**What you should do**
Would you print the records below word for word, without the pictures?

--- Material for this task Enclosed Below ---

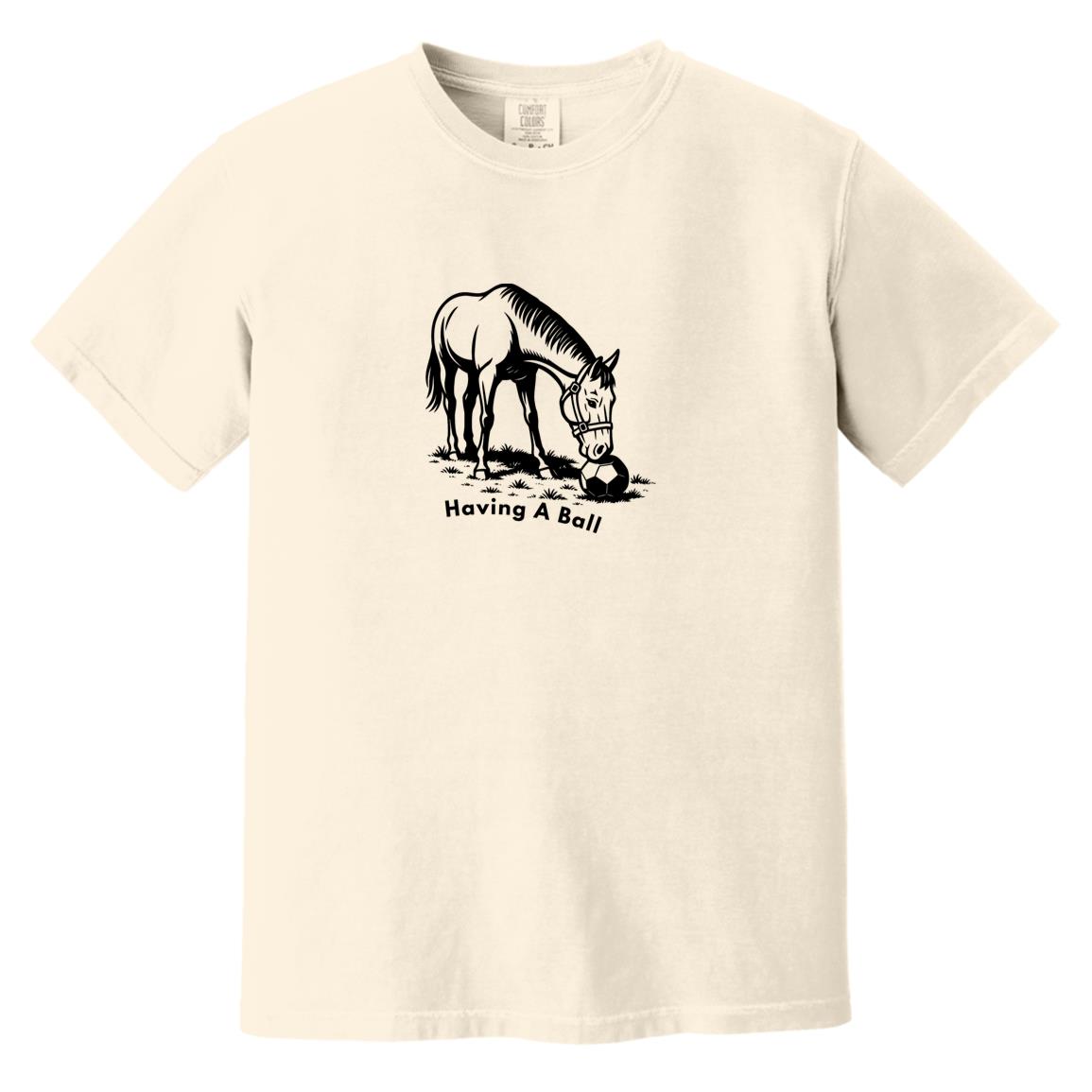 Having A Ball Horse Graphic Black CC1717 Heavyweight Garment-Dyed T-Shirt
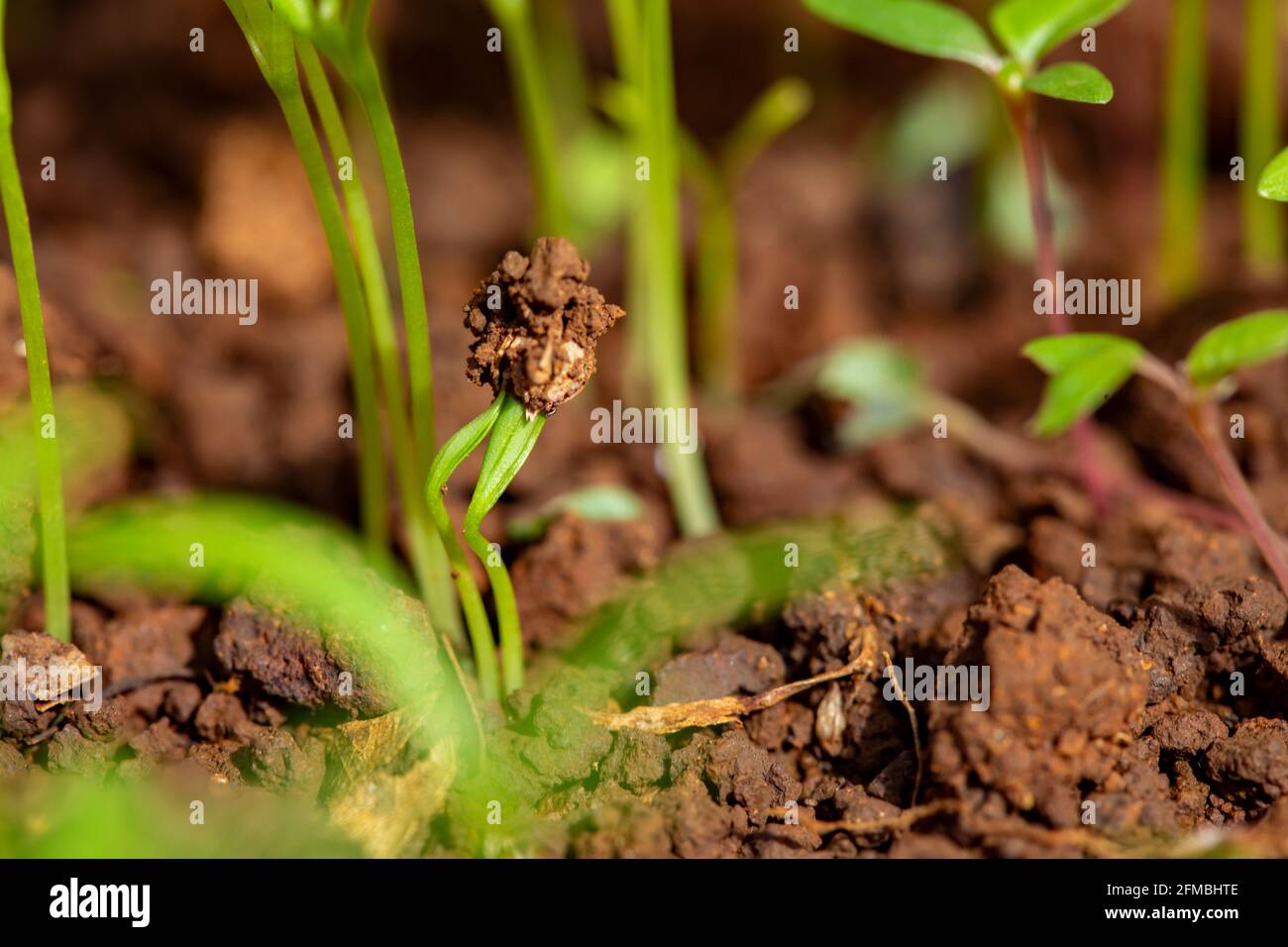 germinating young coriander plants Stock Photo Alamy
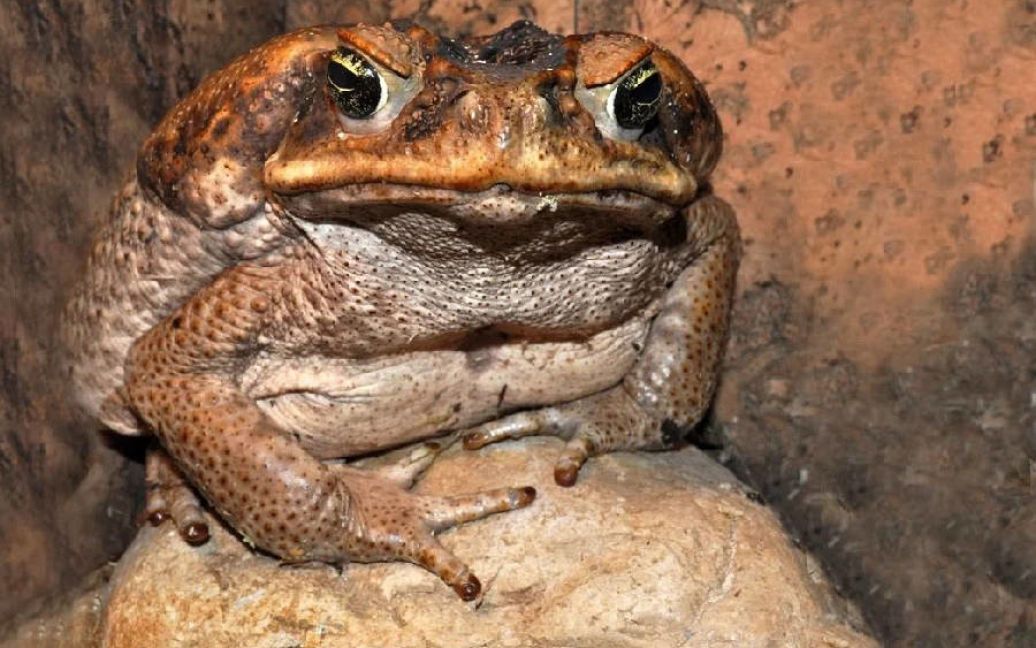 У США відвідувачів парків закликають не облизувати колорадських жаб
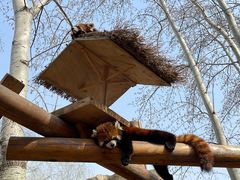 -北京野生动物园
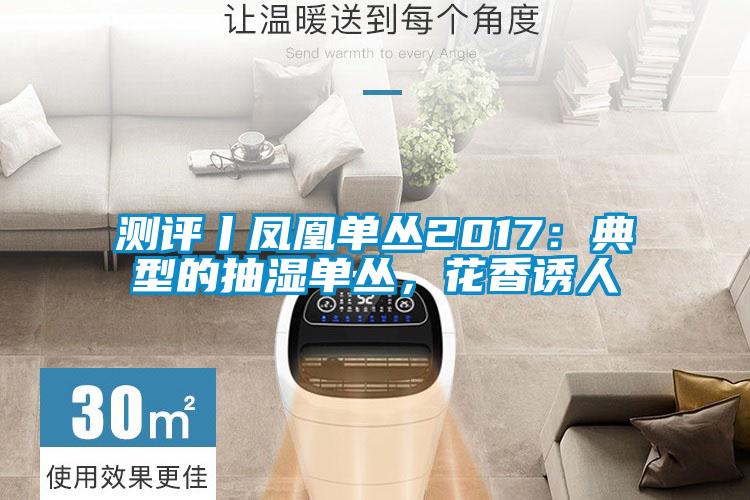 測評丨鳳凰單叢2017：典型的抽濕單叢，花香誘人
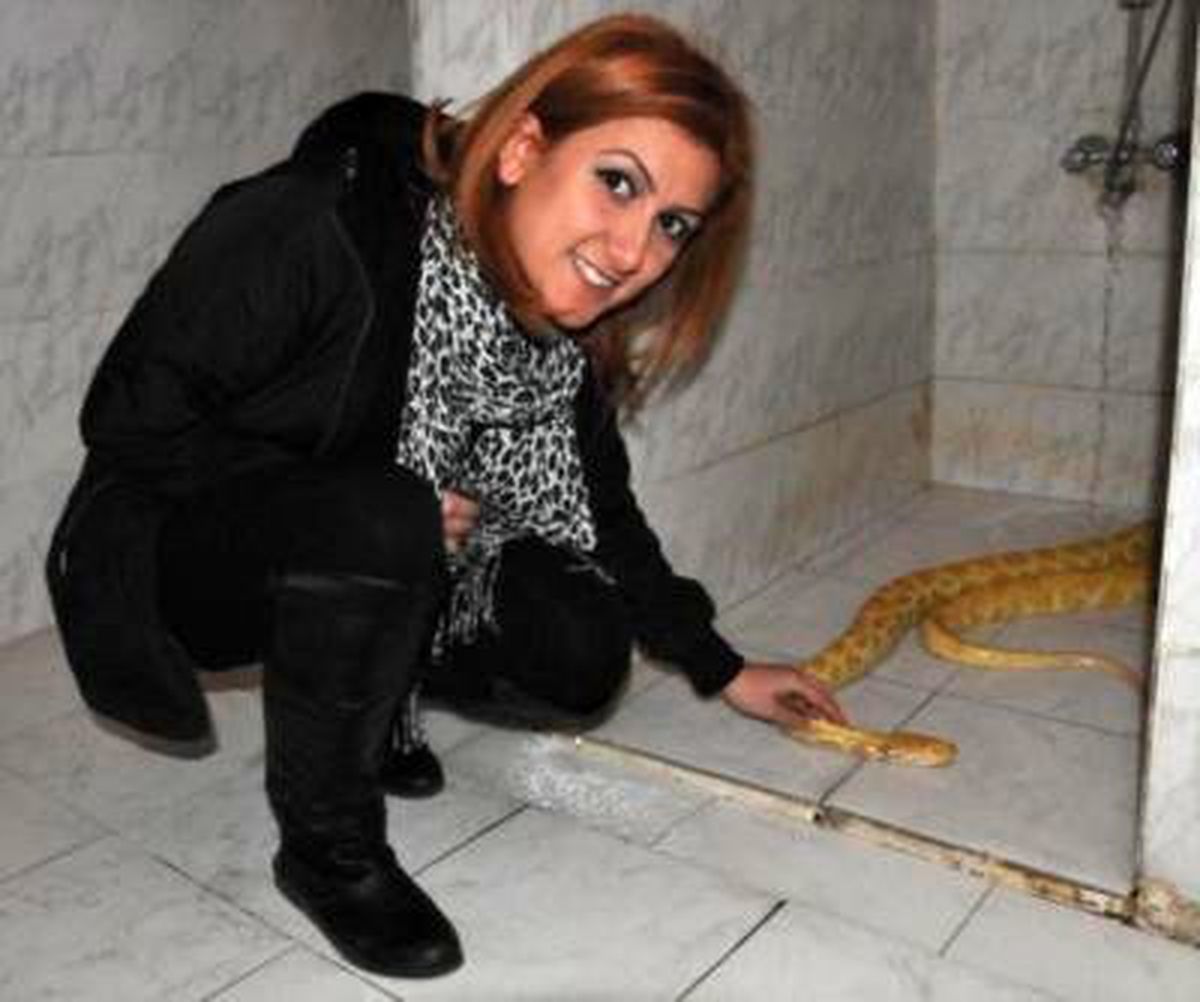 Sirkteki Piton Yılanı, Sivas'ın Soğuğuna Dayanamadı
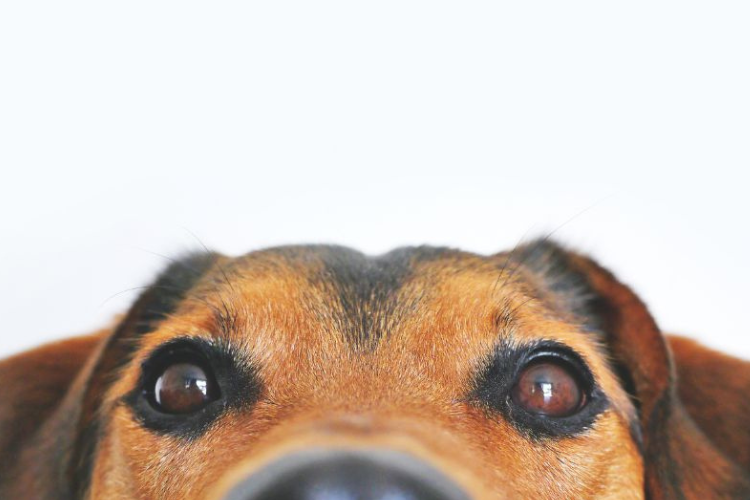 An image of a dog peeking at the viewer.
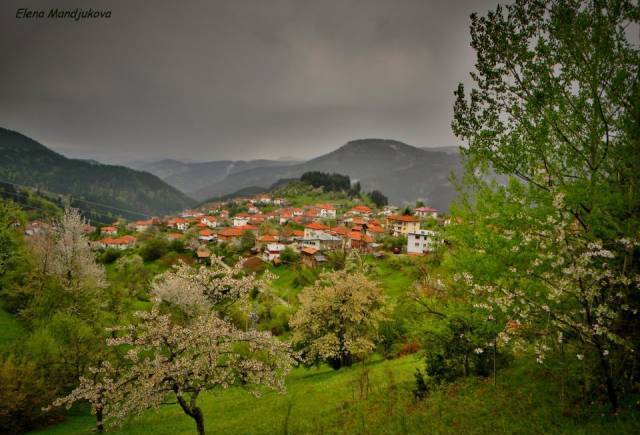 Виталити Традишънс ООД, село Момчиловци | Туристически агенции и туроператори - снимка 2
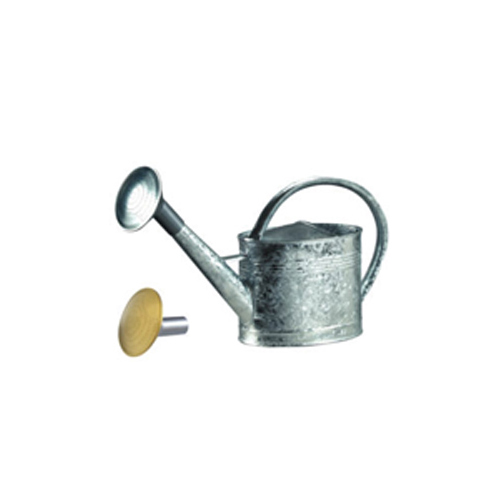 Guillouard Arrosoir Galvanisé à Chaud De 10L - Pomme Galva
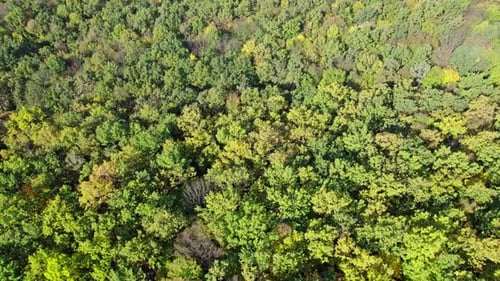 Drone survolant la forêt d'automne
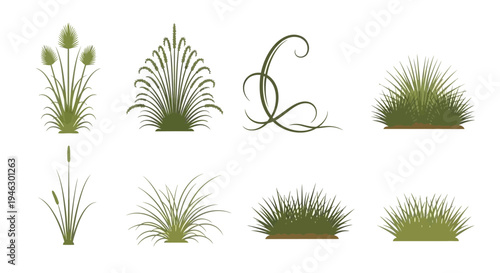 Set of green grass silhouettes and botanical plant icons isolated on white background for landscape design, garden architecture, nature illustrations, and art.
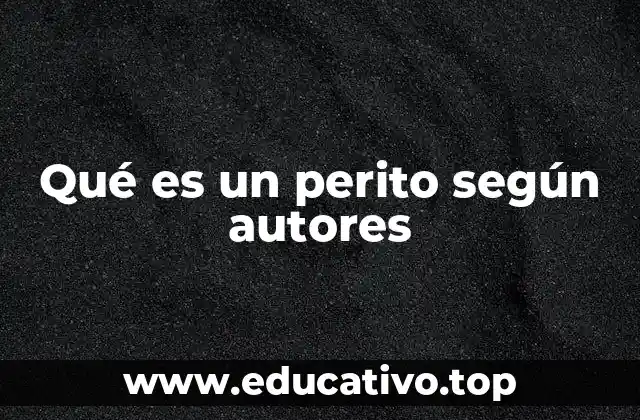 Qué es un perito según autores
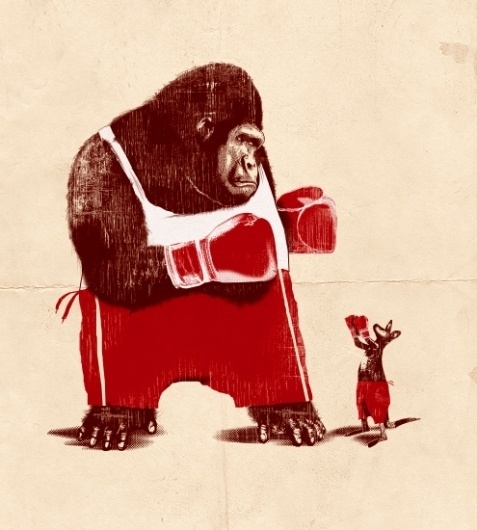 32_bravekang.jpg 495×550 pixels #kangaroo #illustration #boxing #gorilla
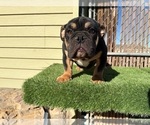 Small #19 English Bulldog
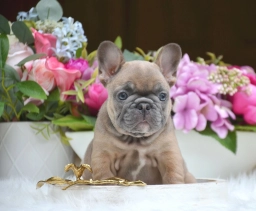 Country Club Frenchies  puppies for sale
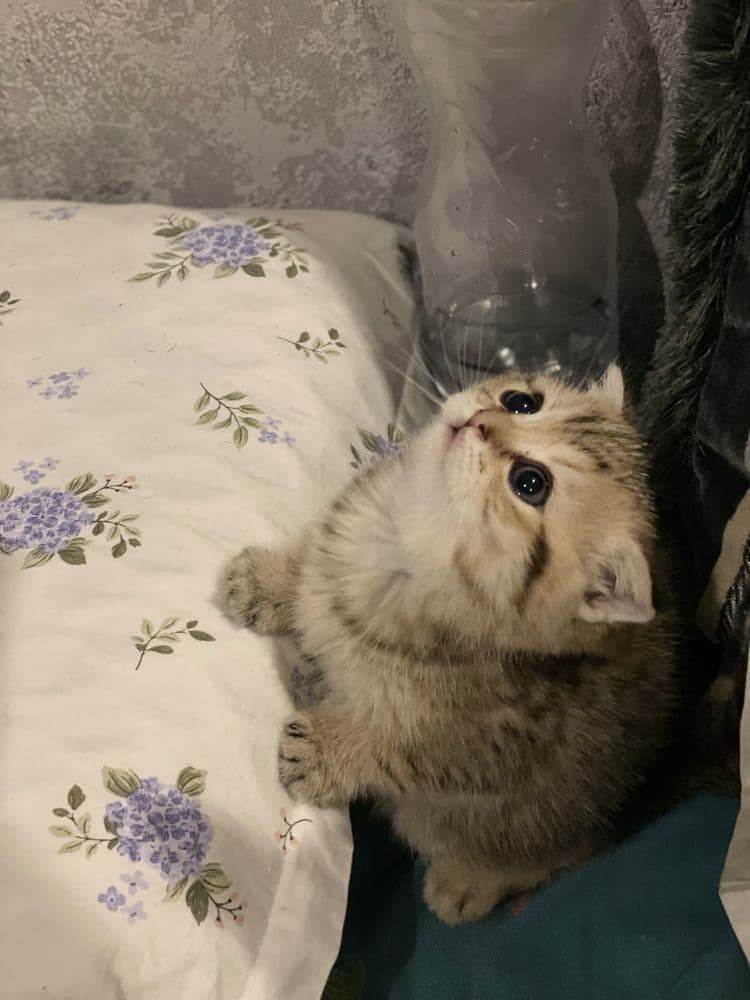 Бритш фолд мальчик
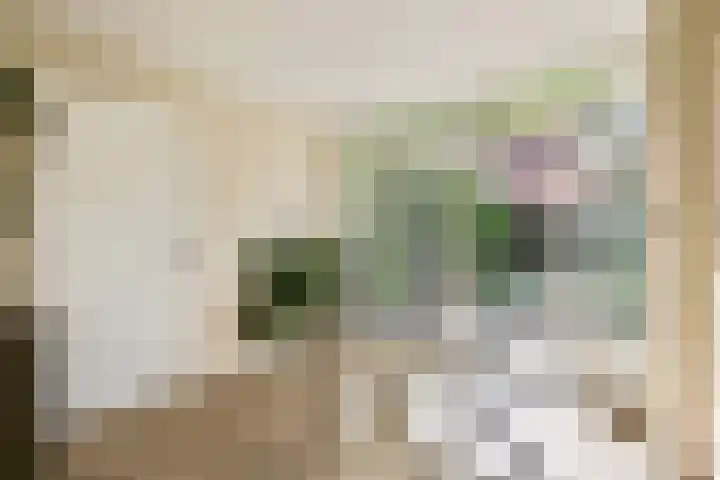 Oude Kruisweg 266 Cruquius thumbnail 10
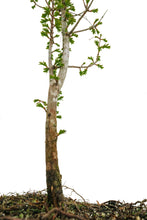 Load image into Gallery viewer, Bonsai Special | Dawn Redwood (C2)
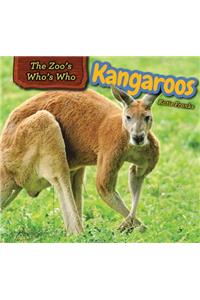 Kangaroos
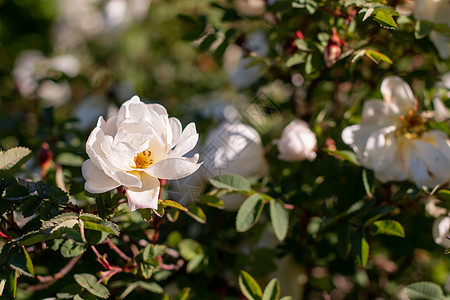 白色美丽盛开的野玫瑰丛 狗玫瑰 生长在自然界中的玫瑰果 春天在自然环境中绽放的野玫瑰 阳光明媚的夏日图片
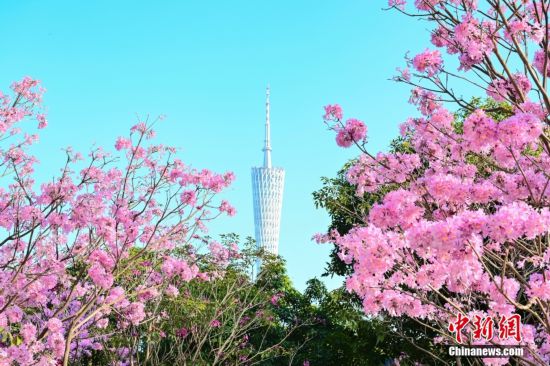 万向娱乐平台：广州紫色风铃木花朵盛放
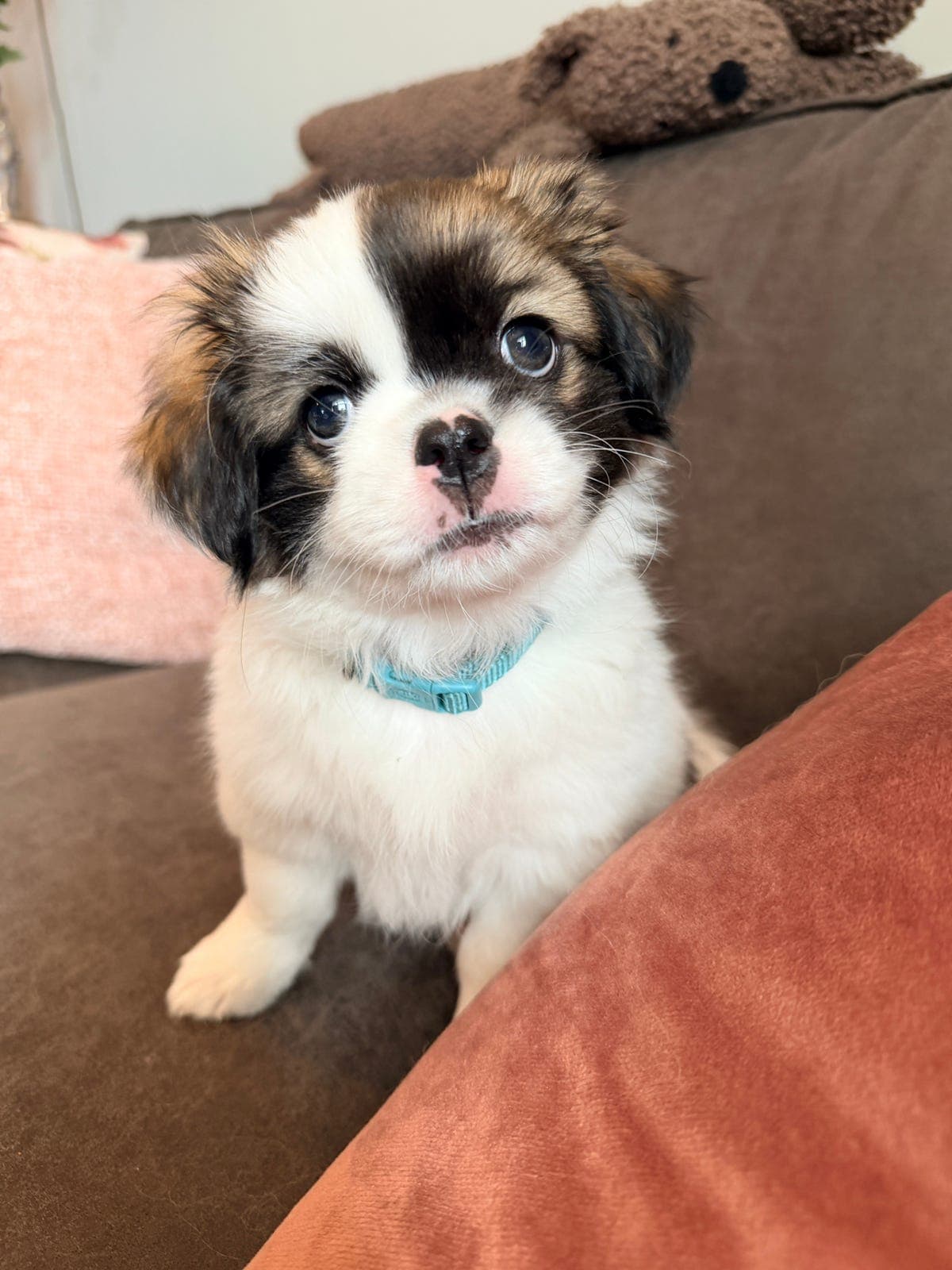 Tibetansk Spaniel hanhund. NKK registrert.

--- End of Enclosed Material for this task ---

**Output below**
 Having A Ball Horse Graphic Black CC1717 Heavyweight Garment-Dyed T-Shirt
 germinating young coriander plants Stock Photo Alamy
 У США відвідувачів парків закликають не облизувати колорадських жаб
 -北京野生动物园
 測評丨鳳凰單叢2017：典型的抽濕單叢，花香誘人
 Sirkteki Piton Yılanı, Sivas'ın Soğuğuna Dayanamadı
 An image of a dog peeking at the viewer.
 Виталити Традишънс ООД, село Момчиловци | Туристически агенции и туроператори - снимка 2
 Guillouard Arrosoir Galvanisé à Chaud De 10L - Pomme Galva
 Drone survolant la forêt d'automne
 Set of green grass silhouettes and botanical plant icons isolated on white background for landscape design, garden architecture, nature illustrations, and art.
 Qué es un perito según autores
 32_bravekang.jpg 495×550 pixels #kangaroo #illustration #boxing #gorilla
 Small #19 English Bulldog
 Country Club Frenchies  puppies for sale
 Бритш фолд мальчик
 Oude Kruisweg 266 Cruquius thumbnail 10
 Load image into Gallery viewer, Bonsai Special | Dawn Redwood (C2)
 Kangaroos
 白色美丽盛开的野玫瑰丛 狗玫瑰 生长在自然界中的玫瑰果 春天在自然环境中绽放的野玫瑰 阳光明媚的夏日图片
 万向娱乐平台：广州紫色风铃木花朵盛放
 Tibetansk Spaniel hanhund. NKK registrert.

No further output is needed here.